“¿Elena?” Susurró el nombre con timidez. Antes de
sacarlo de su error ya me había abrazado y dado dos besos. Los abrazos de los
desconocidos son como el sol de invierno. Fríos y desconcertantes. Cuando me di
cuenta ya estábamos tomando un café. Me contó que se había divorciado. Que su
hija vivía en Londres. Que me encontraba distinta. Y que continuaba con su
estudio de arquitectura. Yo me limitaba a asentir. Me preguntó por Fidel.
Le dije que ya no estábamos juntos.
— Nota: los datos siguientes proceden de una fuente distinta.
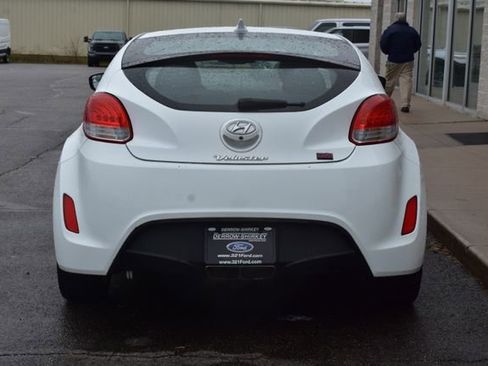 Used 2015 Hyundai Veloster RE:FLEX Edition image 7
Afirmó que el pelo corto me sentaba bien.
Yo le dije que apenas lo encontraba cambiado a pesar de todos estos años.
“¿Quince?”, me aventuré a preguntar. “Veinticuatro”, corrigió él. Durante un
momento percibí la duda en sus ojos, cuando los fijó en los míos. La Elena que
yo había decidido ser esquivó su mirada e insistió en pagar la cuenta. En su
hotel, nuestros abrazos ya conocían la misma rutina que la de los viejos
amantes. Mientras nos vestíamos, esquivamos nuestras miradas. Nos despedimos
delante de un taxi. Me invitó a ir a Zaragoza. Le pregunté cuándo volvería a
Pontevedra. Finalmente me dio un último abrazo, de esos que habitan aeropuertos
y tanatorios, mientras me decía al oído: “Me llamo Manuel”.